Demands for recognition of “historical wrongs” and the redress of grievances have abounded in the post-World War II era, especially in countries emerging from authoritarian rule and conflicts that escalated to mass atrocity—genocide, ‘ethnic cleansing,’ and other crimes against humanity. But how, and when do post-conflict states address past human rights abuses? What roles do practices of forgiveness and healing play in reconciling political and social relationships? And, how do international development agencies and other interveners help domestic actors resolve the complex tensions between truth, justice and reconciliation?

Over the past few decades, transitional justice has emerged as an interdisciplinary field of research and practice that aims to promote peace, democracy and reconciliation with the hope that these conditions best help prevent systemic violation of human rights.

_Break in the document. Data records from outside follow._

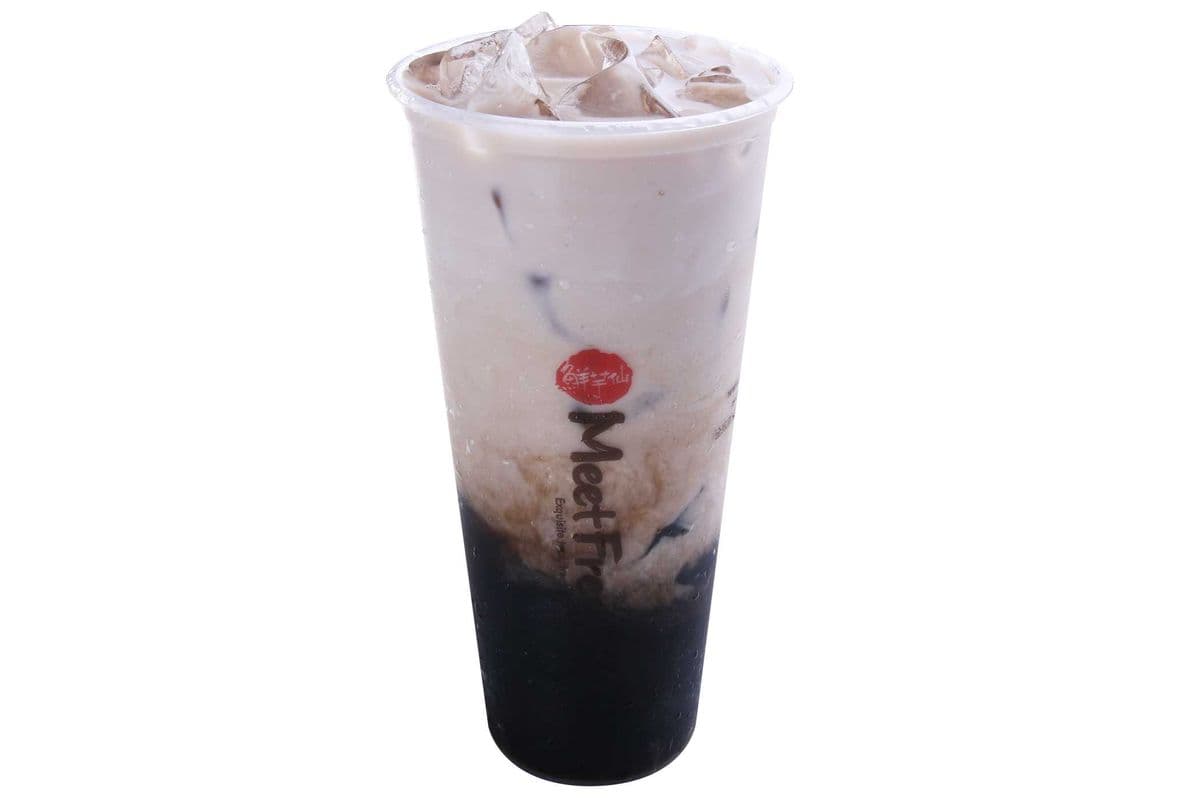 Herbal Tea with Fresh Milk and Grass Jelly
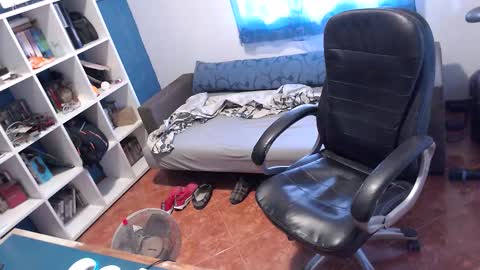 Snapshot of ravingr3d3 chatting on 09/24/25, 09:56 ravingr3d3 online show from 09/24/25, 09:56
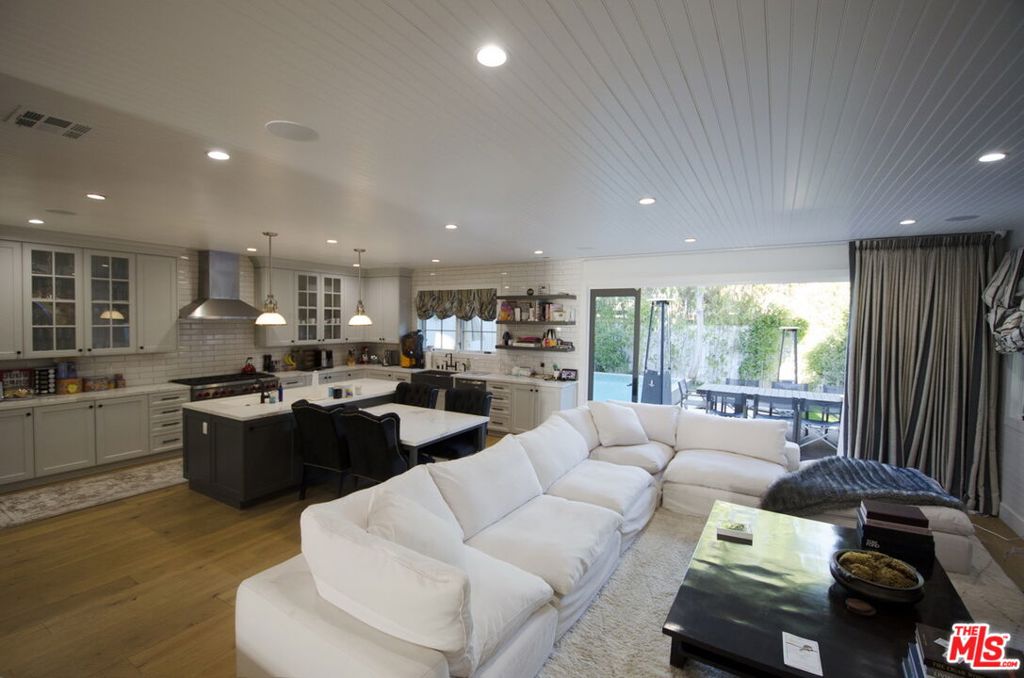 1738 NICHOLS CANYON Road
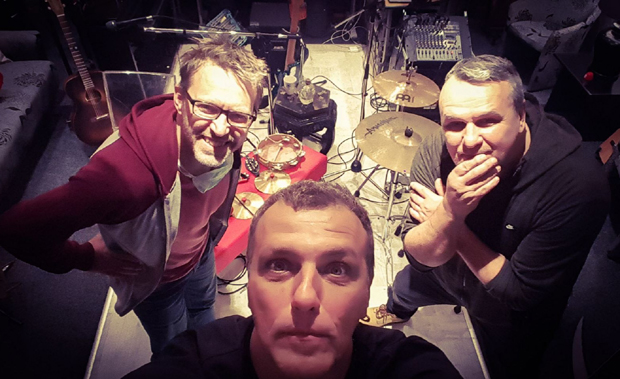 Кумови не крију да понекад досаде један другом: Чланови Ван Гога одговарали на питања пратилаца (ВИДЕО)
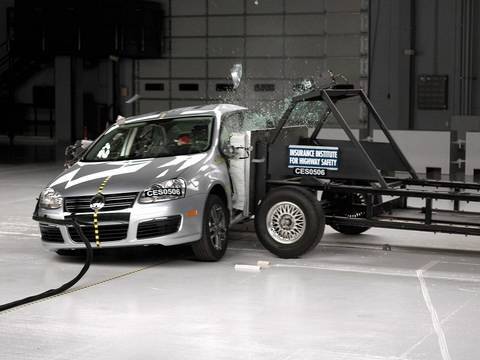 Видео краш-теста Volkswagen Jetta с 2005 года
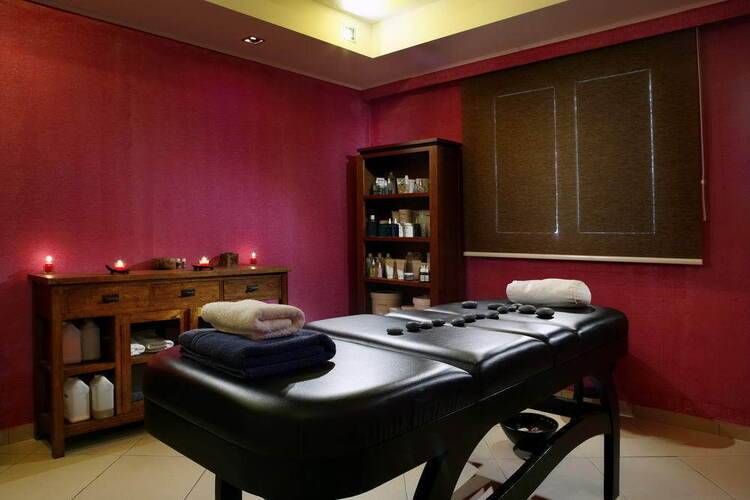 Olympia Golden Beach Resort & Spa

Take part in this new and distinctive approach to justice that is both backward and forwarding looking – aiming not only to provide a measure of dignity to victims but also to prevent similar victimhood in the future. Learn from Duke University scholars of international human rights law and experts on peace and conflict resolution.

Examine recent attempts to establish just outcomes in post-conflict settings as societies emerge from periods of violence and repression. Explore case studies of genocide, crimes against humanity, mass atrocities, and other human rights violations in Germany, Northern Ireland, South Africa, the Democratic Republic of Congo, Rwanda, and the United States that highlight the social, political, economic, legal and international dynamics of justice and as well as confounding factors such as ethnicity, race, gender, religion, class, territory and natural resources.

Debate how to adequately deal with the past in newly democratizing countries by exploring the uses and disadvantages of “remembering” and “forgetting” violations of human rights. Synthesize and apply what you learn during a final Model United Nations conference where you demonstrate knowledge of the critical roles played by domestic institutions, mixed institutions, and international initiatives as you advocate a specific path forward for a state witnessing problems of transitional justice.